> **Exercise brief**
All of the entries must appear again exactly as written.

Stored entries
--

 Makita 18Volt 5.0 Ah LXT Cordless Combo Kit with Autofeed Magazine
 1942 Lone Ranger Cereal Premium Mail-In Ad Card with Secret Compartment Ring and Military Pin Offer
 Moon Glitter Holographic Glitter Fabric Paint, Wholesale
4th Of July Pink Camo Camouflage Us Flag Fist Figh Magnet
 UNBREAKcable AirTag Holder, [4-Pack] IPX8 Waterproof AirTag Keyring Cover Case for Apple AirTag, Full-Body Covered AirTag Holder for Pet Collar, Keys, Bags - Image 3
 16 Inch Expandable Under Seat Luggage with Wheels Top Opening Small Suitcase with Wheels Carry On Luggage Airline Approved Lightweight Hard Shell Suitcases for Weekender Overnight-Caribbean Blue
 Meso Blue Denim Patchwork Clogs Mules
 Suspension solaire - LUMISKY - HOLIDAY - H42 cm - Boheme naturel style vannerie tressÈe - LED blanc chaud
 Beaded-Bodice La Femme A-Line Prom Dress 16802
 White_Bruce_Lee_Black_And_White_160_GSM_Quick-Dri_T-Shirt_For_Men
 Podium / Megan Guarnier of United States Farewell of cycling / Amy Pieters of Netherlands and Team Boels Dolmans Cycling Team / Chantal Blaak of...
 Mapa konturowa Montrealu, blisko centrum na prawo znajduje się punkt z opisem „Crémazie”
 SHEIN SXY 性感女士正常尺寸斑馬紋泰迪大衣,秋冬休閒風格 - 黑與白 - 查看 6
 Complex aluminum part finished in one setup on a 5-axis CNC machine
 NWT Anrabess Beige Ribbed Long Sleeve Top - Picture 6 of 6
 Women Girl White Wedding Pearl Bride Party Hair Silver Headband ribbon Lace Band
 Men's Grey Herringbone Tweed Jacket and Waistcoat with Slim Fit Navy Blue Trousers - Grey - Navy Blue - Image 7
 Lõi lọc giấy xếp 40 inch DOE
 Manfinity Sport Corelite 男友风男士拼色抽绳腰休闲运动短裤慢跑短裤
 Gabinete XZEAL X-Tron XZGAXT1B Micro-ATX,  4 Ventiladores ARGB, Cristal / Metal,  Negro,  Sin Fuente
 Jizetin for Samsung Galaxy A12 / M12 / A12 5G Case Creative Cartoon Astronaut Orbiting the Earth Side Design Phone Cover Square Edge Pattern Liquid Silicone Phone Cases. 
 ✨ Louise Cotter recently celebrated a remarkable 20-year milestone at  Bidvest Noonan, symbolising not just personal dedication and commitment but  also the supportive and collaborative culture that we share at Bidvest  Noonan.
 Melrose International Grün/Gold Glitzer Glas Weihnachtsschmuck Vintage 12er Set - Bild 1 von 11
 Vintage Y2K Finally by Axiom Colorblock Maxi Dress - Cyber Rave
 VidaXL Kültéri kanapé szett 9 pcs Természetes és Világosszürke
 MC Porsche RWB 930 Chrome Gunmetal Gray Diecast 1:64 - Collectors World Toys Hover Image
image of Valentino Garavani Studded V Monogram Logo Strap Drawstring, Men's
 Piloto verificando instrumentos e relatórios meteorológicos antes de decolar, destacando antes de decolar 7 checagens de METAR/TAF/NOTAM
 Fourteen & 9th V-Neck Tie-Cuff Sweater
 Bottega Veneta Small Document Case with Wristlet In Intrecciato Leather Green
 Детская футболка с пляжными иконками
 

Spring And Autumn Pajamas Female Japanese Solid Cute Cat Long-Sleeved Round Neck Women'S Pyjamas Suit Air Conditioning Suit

--

> **Task output**
 Makita 18Volt 5.0 Ah LXT Cordless Combo Kit with Autofeed Magazine
 1942 Lone Ranger Cereal Premium Mail-In Ad Card with Secret Compartment Ring and Military Pin Offer
 Moon Glitter Holographic Glitter Fabric Paint, Wholesale
4th Of July Pink Camo Camouflage Us Flag Fist Figh Magnet
 UNBREAKcable AirTag Holder, [4-Pack] IPX8 Waterproof AirTag Keyring Cover Case for Apple AirTag, Full-Body Covered AirTag Holder for Pet Collar, Keys, Bags - Image 3
 16 Inch Expandable Under Seat Luggage with Wheels Top Opening Small Suitcase with Wheels Carry On Luggage Airline Approved Lightweight Hard Shell Suitcases for Weekender Overnight-Caribbean Blue
 Meso Blue Denim Patchwork Clogs Mules
 Suspension solaire - LUMISKY - HOLIDAY - H42 cm - Boheme naturel style vannerie tressÈe - LED blanc chaud
 Beaded-Bodice La Femme A-Line Prom Dress 16802
 White_Bruce_Lee_Black_And_White_160_GSM_Quick-Dri_T-Shirt_For_Men
 Podium / Megan Guarnier of United States Farewell of cycling / Amy Pieters of Netherlands and Team Boels Dolmans Cycling Team / Chantal Blaak of...
 Mapa konturowa Montrealu, blisko centrum na prawo znajduje się punkt z opisem „Crémazie”
 SHEIN SXY 性感女士正常尺寸斑馬紋泰迪大衣,秋冬休閒風格 - 黑與白 - 查看 6
 Complex aluminum part finished in one setup on a 5-axis CNC machine
 NWT Anrabess Beige Ribbed Long Sleeve Top - Picture 6 of 6
 Women Girl White Wedding Pearl Bride Party Hair Silver Headband ribbon Lace Band
 Men's Grey Herringbone Tweed Jacket and Waistcoat with Slim Fit Navy Blue Trousers - Grey - Navy Blue - Image 7
 Lõi lọc giấy xếp 40 inch DOE
 Manfinity Sport Corelite 男友风男士拼色抽绳腰休闲运动短裤慢跑短裤
 Gabinete XZEAL X-Tron XZGAXT1B Micro-ATX,  4 Ventiladores ARGB, Cristal / Metal,  Negro,  Sin Fuente
 Jizetin for Samsung Galaxy A12 / M12 / A12 5G Case Creative Cartoon Astronaut Orbiting the Earth Side Design Phone Cover Square Edge Pattern Liquid Silicone Phone Cases. 
 ✨ Louise Cotter recently celebrated a remarkable 20-year milestone at  Bidvest Noonan, symbolising not just personal dedication and commitment but  also the supportive and collaborative culture that we share at Bidvest  Noonan.
 Melrose International Grün/Gold Glitzer Glas Weihnachtsschmuck Vintage 12er Set - Bild 1 von 11
 Vintage Y2K Finally by Axiom Colorblock Maxi Dress - Cyber Rave
 VidaXL Kültéri kanapé szett 9 pcs Természetes és Világosszürke
 MC Porsche RWB 930 Chrome Gunmetal Gray Diecast 1:64 - Collectors World Toys Hover Image
image of Valentino Garavani Studded V Monogram Logo Strap Drawstring, Men's
 Piloto verificando instrumentos e relatórios meteorológicos antes de decolar, destacando antes de decolar 7 checagens de METAR/TAF/NOTAM
 Fourteen & 9th V-Neck Tie-Cuff Sweater
 Bottega Veneta Small Document Case with Wristlet In Intrecciato Leather Green
 Детская футболка с пляжными иконками
 

Spring And Autumn Pajamas Female Japanese Solid Cute Cat Long-Sleeved Round Neck Women'S Pyjamas Suit Air Conditioning Suit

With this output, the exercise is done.